Marx conclui que, sendo a religião reflexo espiritual da miséria real do homem numa sociedade opressora, a superação da religião não se dará só pela critica intelectual. A luta contra a religião tem seu aroma espiritual. É a imagem falsa do mundo. Para eliminar a alienação religiosa é preciso eliminar todas as condições de miséria que a originam. Mudando a infra-estrutura econômica, a superestrutura mudará automaticamente.
*Friedrich Nietzsche (1844-1900)
Nietzsche é considerado o pai da escola da morte de Deus, dizia que Deus é invenção da debilidade humana, sua negação será a superação do próprio homem. É preciso Deus morrer para nascer o super-homem. Disse que, uma vez que Deus não existe, o homem deve idealizar o seu próprio modo de vida. Apesar de ser o criador do pensamento da morte de Deus, essa idéia não promove o ateísmo porque não foi isso que Nietzshe quisera dizer com tal pensamento, porém muitos depois dele interpretaram o pensamento da morte de Deus como sendo uma idéia ateísta. Nietzsche acusa o cristianismo como culpado de toda a degeneração e de toda a decadência do mundo moderno. O cristianismo é o centro de espíritos doentes, foi até o presente a maior desgraça da humanidade. Para Nietzsche, a religião é a destruição de tudo quanto há de nobre, de alegre, na vida humana. Por isso é inimiga mortal da humanidade, numa profunda corrupção do homem, pois o transforma em covarde, em fraco e escravo.
Jean-Paul Sartre (1905-1981)
Sartre foi o mais proeminente do existencialismo. Dizia que o homem é o criador do seu próprio destino e só ele pode alcançar a sua realização. Veja nessa poesia de Sartre, a profundidade de sua idéia:
“Não há Ser Absoluto algum. Dedique-se a algo! Rejeite todas as formas que restringem a sua liberdade! Descreva a realidade em sua feiúra, absurda e obscenidade! Você está podado do Transcendente, pois ele não existe”.

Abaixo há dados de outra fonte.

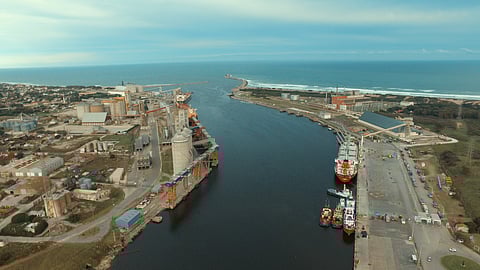 Port of Quequen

Sigmund Freud ( 1856-1939)
Para Freud, a religião surgiu de uma necessidade de defesa contra as forças da natureza, como todas as outras realizações da civilização é uma neurose. No indivíduo, ela surge do desamparo. Esse desamparo é inicialmente o desamparo da criança, e posteriormente, o desamparo do adulto que a continua.
As idéias religiosas são ilusões porque, segundo Freud, seria realmente muito bom se existisse um Deus benevolente, que cuida de nós e que nos dá uma vida após a morte. Um Deus que fará justiça a todas as injustiças que há neste mundo, e que nos recompensará por todas as privações a que somos submetidos por causa da civilização. Na verdade, nós queremos acreditar que isso seja verdade. Essas crenças são ilusões pois derivam de desejos humanos, do nosso desejo de que as coisas realmente sejam assim.
CONCLUSÃO
Deus é a força do futuro, com isso queremos dizer que Ele é a resposta à situação fundamental do homem. Esta resposta não elimina, antes vivifica a criatividade humana. A fé em Deus confere ao ser humano o seu sentido último, como inspirador da ação humana. A esperança no futuro último possibilita projetos dentro da história, libertando-nos da angústia existência e enchendo-nos de coragem. É certo que as objeções feitas pelo ateu, muitas vezes, atingem compreensões errôneas de Deus, da religião e da fé. Deus como sentido ultimo não é tão mesquinho que cerceie a liberdade humana, mas antes promove as possibilidades naturais.
Por outro lado, caberá perguntar ao ateu se tem uma proposta melhor, uma resposta melhor para a busca do sentido do homem e da humanidade. Na discussão entre crença e ateísmo é preciso sair do nível das palavras. A discussão verdadeira é saber qual a atitude, a fé ou a descrença, faz mais justiça à realidade do homem. A fé reencontra seu lugar na experiência do homem, pois o que está em jogo é o próprio homem e sua esperança na história. Enfim, se é difícil crer em Deus, mais difícil é viver sem Ele.